### Task requirements
Could you retype, exactly and with no pictures, only the lines from the first line of the records below through the line that contains "EFT系列行星擠出機(jī)半成品"?

━━━━━━━━━━

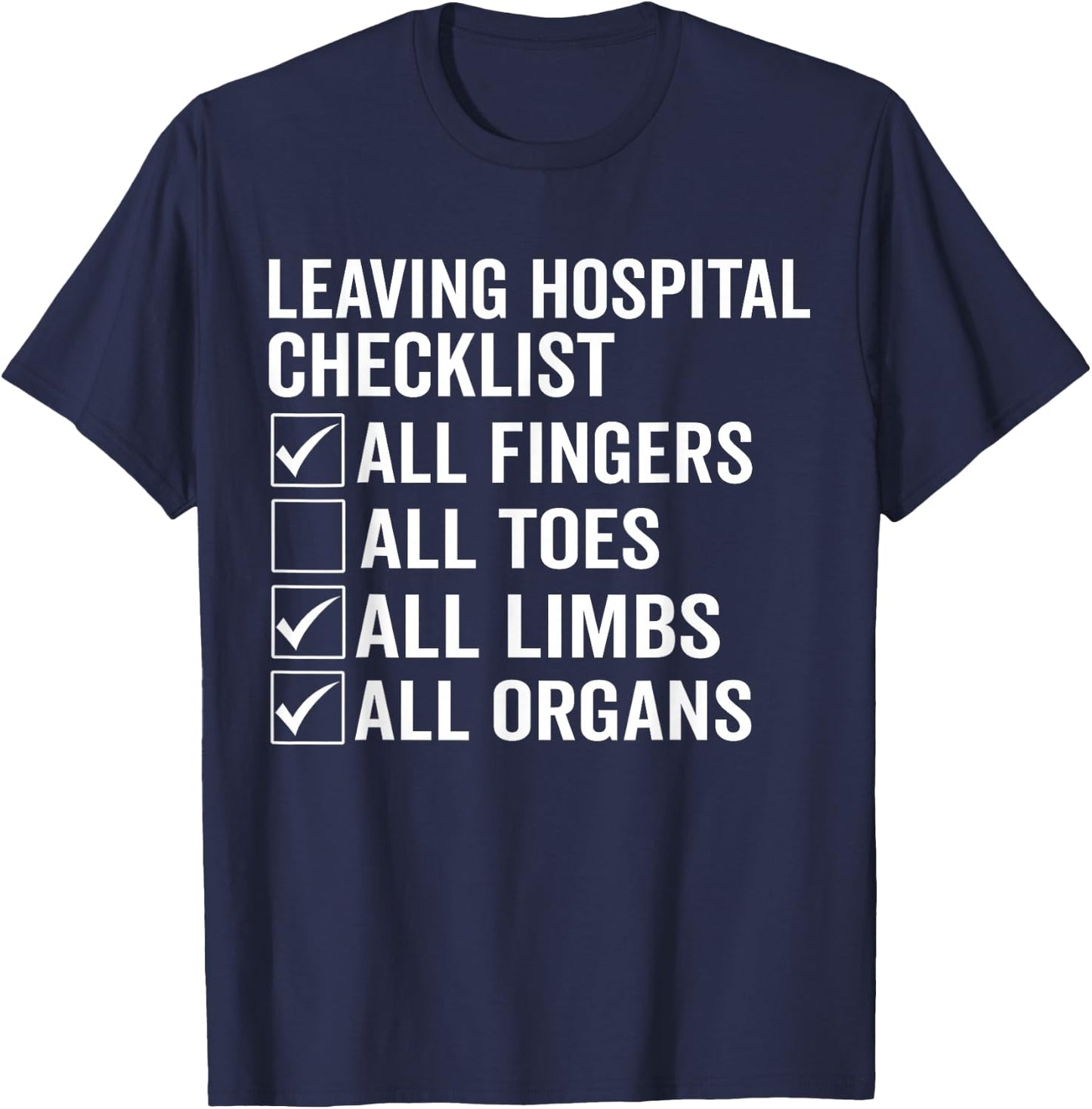 Toe Amputee Funny Humor Toe Amputation T-Shirt - T-Shirt | Navy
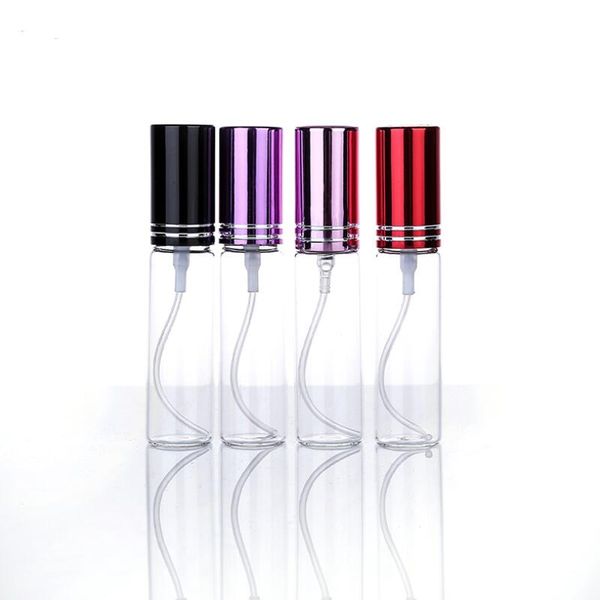 

mini 10ml metal empty glass perfume refillable bottle spray perfume atomizers bottles lx8231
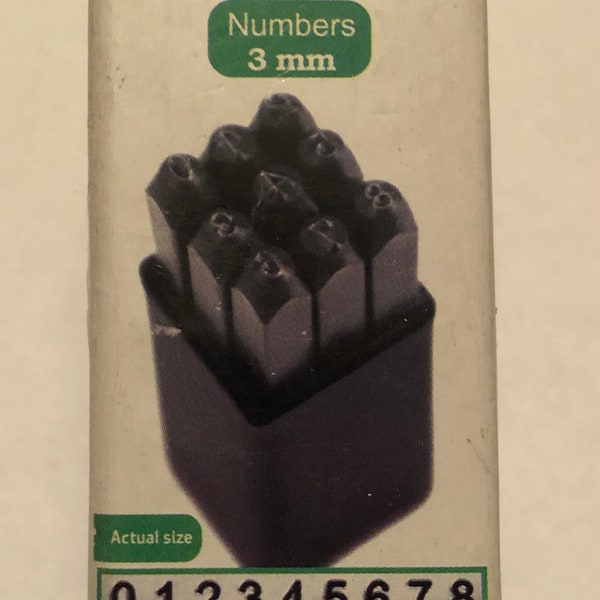 ImpressArt Economy Metal Stamp Set Numbers 3mm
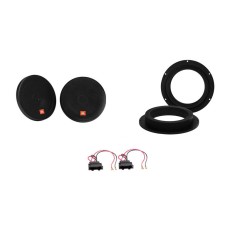 Kit audio VW Golf V, Difuzoare JBL STAGE2 624 240w, Inele MDF impregnat, mufe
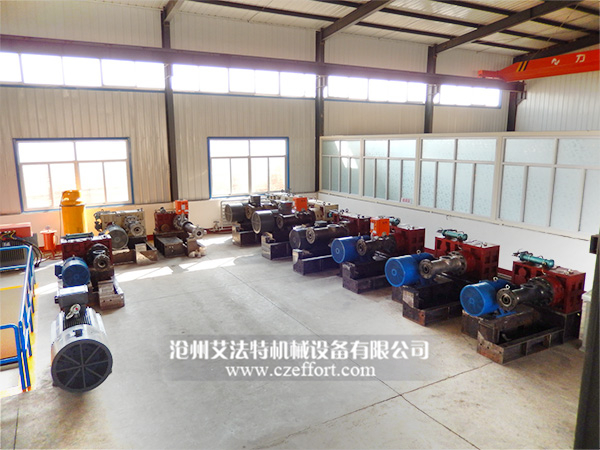 EFT系列行星擠出機(jī)半成品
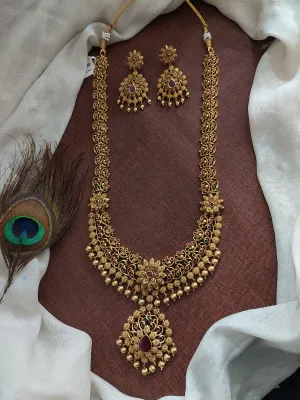 Antique Long Haram Set ~ Perfect for Festive Wear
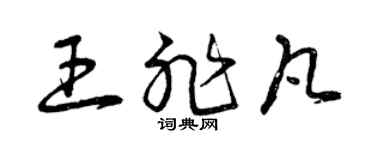 曾慶福王非凡草書個性簽名怎么寫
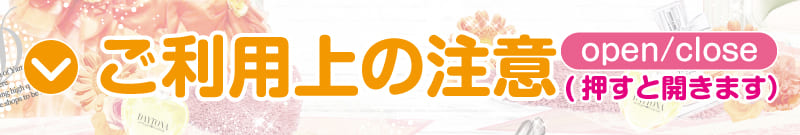 クレジット決済ご利用上の注意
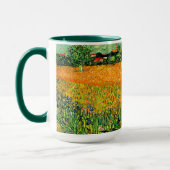 Mug Vue d'Arles avec Iris au premier plan, (Gauche)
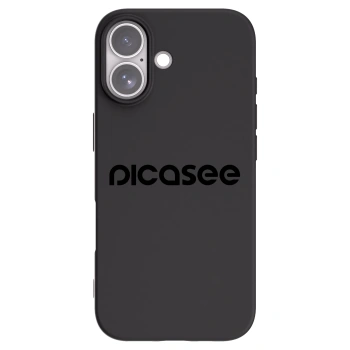 Picasee husă neagră din silicon pentru Apple iPhone 17 - Picasee - new logo - black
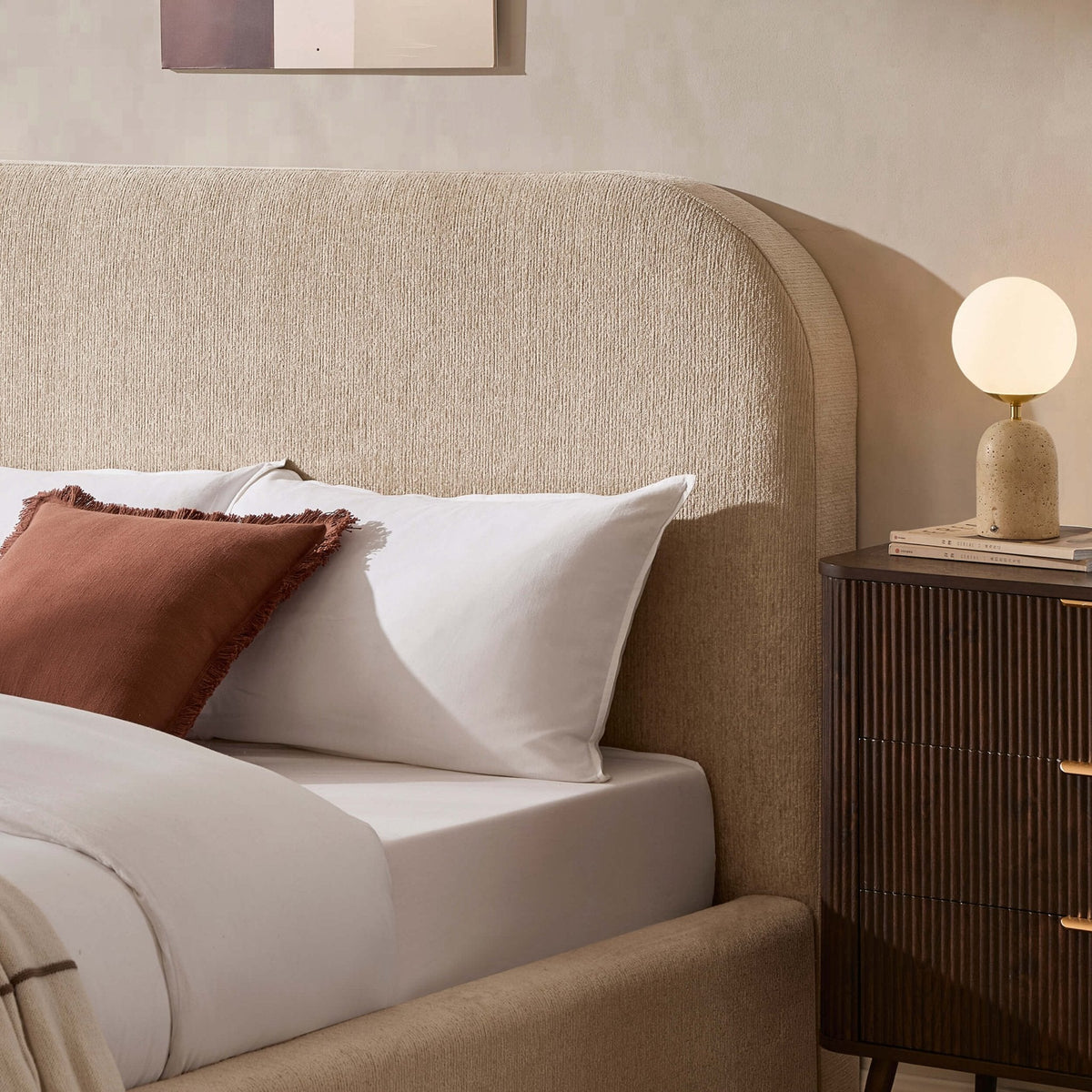 Aintree Ottoman Storage Bed - Textured Oatmeal - DUSK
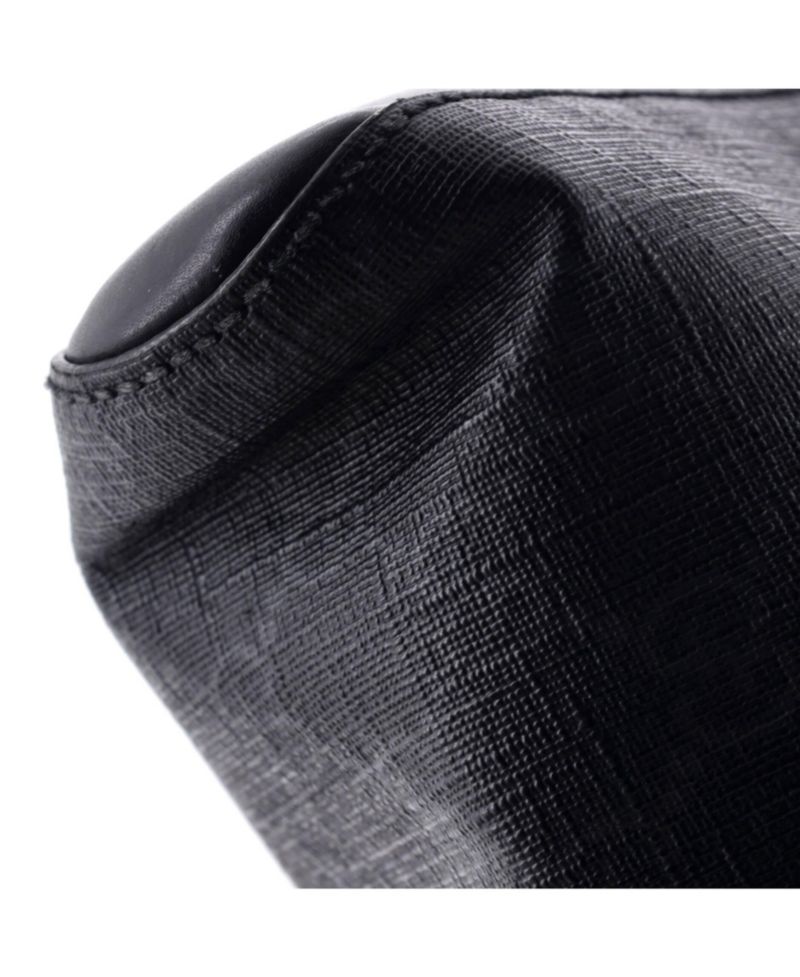 Medium Web Strap Front Zip Messenger Bag GG Coated Canvas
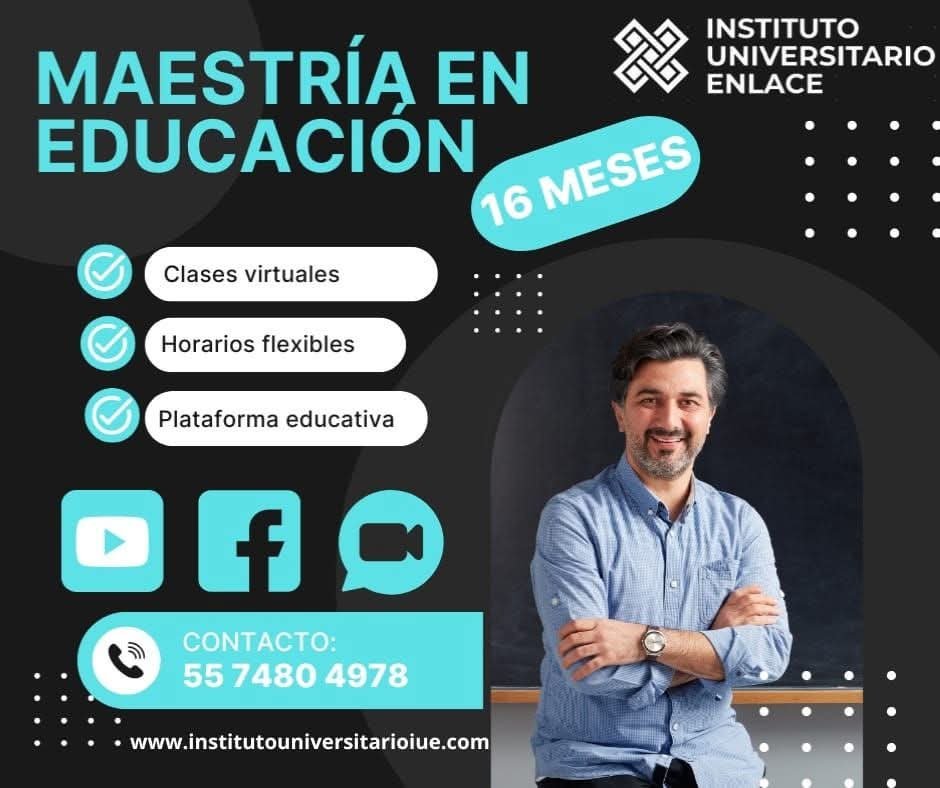 ¡Maestría en Educación!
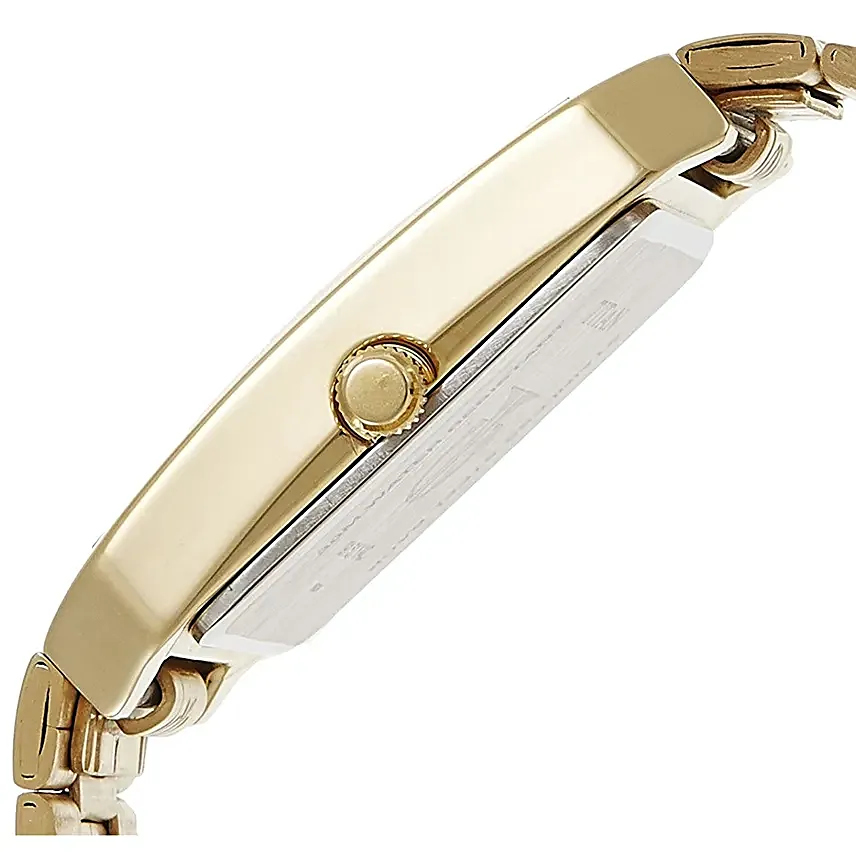 Titan Analog Golden Dial And Strap Mens Watch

━━━━━━━━━━

### Problem solution
 Toe Amputee Funny Humor Toe Amputation T-Shirt - T-Shirt | Navy

mini 10ml metal empty glass perfume refillable bottle spray perfume atomizers bottles lx8231
 ImpressArt Economy Metal Stamp Set Numbers 3mm
 Kit audio VW Golf V, Difuzoare JBL STAGE2 624 240w, Inele MDF impregnat, mufe
 EFT系列行星擠出機(jī)半成品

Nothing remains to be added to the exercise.